A welcome move to check misuse of client securities
Further, because of holding securities for different purposes in a single account, it was difficult for the regulator to monitor movement and usage of client securities.
The Securities and Exchange Board of India (Sebi) has been constantly enhancing its guidelines and circulars to protect the interest of investors. In this connection, the guidelines issued in June 2019 to strengthen its oversight relating to misappropriation/misuse of unpaid securities and securities-based collateral of clients, particularly those who have running accounts or margin trading accounts with their stock broker, is a welcome move.
In the past, a practice had emerged amongst certain brokers to hold a client’s securities for various purposes such as collateral securities, unpaid securities and running account authorisation (RAA). Such securities were held in a single demat account designated as client beneficiary account. The RAA on client securities resulted in brokers exercising control on all such securities at all points in time.
Further, because of holding securities for different purposes in a single account, it was difficult for the regulator to monitor movement and usage of client securities. Brokers carrying on this practice placed such securities as collateral with banks/NBFCs generally for raising funds to meet the respective client’s debit obligations. However, some cases of misuse also surfaced wherein certain brokers had used client’s securities for fulfilling securities shortages of other clients / proprietary trades or for raising funds for meeting debit requirements of other clients or for own account. This posed a risk to investors whose shares were being pledged, since, in case of a default by the broker in meeting his obligation towards the lender / clearing member, the pledge on the securities could get invoked and the securities could be liquidated without the client being at fault and without the client’s knowledge.

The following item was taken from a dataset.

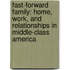 Fast-Forward Family: Home, Work, and Relationships in Middle-Class America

To overcome this issue, Sebi issued guidelines in June 2019 stating that client’s securities lying with the broker as collateral for availing of margin trading facility or as unpaid securities cannot be pledged to Banks/NBFCs for raising funds and that client’s securities already pledged should either be unpledged and returned to the clients upon fulfillment of pay-in obligation or disposed of after giving notice of five days to the client.
Further, no RAA is permitted for holding client securities and as per regulatory requirements, securities received in pay-out against which payment has been made by clients should be transferred to the demat account of the respective clients within one working day of the pay-out by the exchange. These measures will restrict usage of client securities for raising funds by the broker and accordingly avoid unpleasant surprises to clients arising out of sale of such securities because of a default by the broker or some other client.
Going forward, brokers will either fund clients out of their own funds (net worth or borrowed) or, where brokers cannot extend credit facility, clients will directly raise funds from another entity like a bank or NBFC.
Earlier, brokers were transferring securities purchased by the client (and received through the exchange’s payout into the pool account) directly to the collateral account. Now, Sebi has mandated that securities payout cannot be directly transferred from pool account to collateral demat account. It should be first transferred to the demat account of the respective clients and thereafter, the same may be transferred to the collateral account. This process has been created to ensure concurrence of the client to such collateral creation and to create an audit trail for the same. However, brokers have power of attorney on client demat account and they may still transfer client securities into the collateral account. Brokers are expected to adopt good practices for transfer of client securities based on client authorisation.
Also, as per the June 2019 circular, securities that have not been paid for in full by the clients (unpaid securities), should either be transferred to the demat account of the respective client upon fulfillment of client’s fund obligation or should be disposed of in the market by the broker within five trading days after the pay-out. This will ensure that any leveraged position in shares being maintained by clients beyond five days is created only in compliance with guidelines issued by Sebi for margin trading funding (MTF).
MTF guidelines stipulate adequate level of margins for various shares which in-turn ensures that customer’s positions are not required to be sold on account of small price movements which could further increase volatility in the markets. The margins also protect the interest of brokers by ensuring that they have sufficient cover against margin funding provided by them.
These measures are a commendable effort by the regulator to ensure protection of the interest of investors and will go a long way in developing a strong and robust capital market.
While implementing these measures may pose certain short-term challenges to certain brokers, these are welcome measures since they will provide a level playing field for market intermediaries with uniform practices and will result in immense value to investors by providing protection to their securities and a stable market in the longterm. Ensuring that client’s securities are not misused would result in a stronger and wider participation of investors in equity markets thereby going a long way in development of capital markets.
(The author is MD, ICICI Securities. Views expressed are personal.)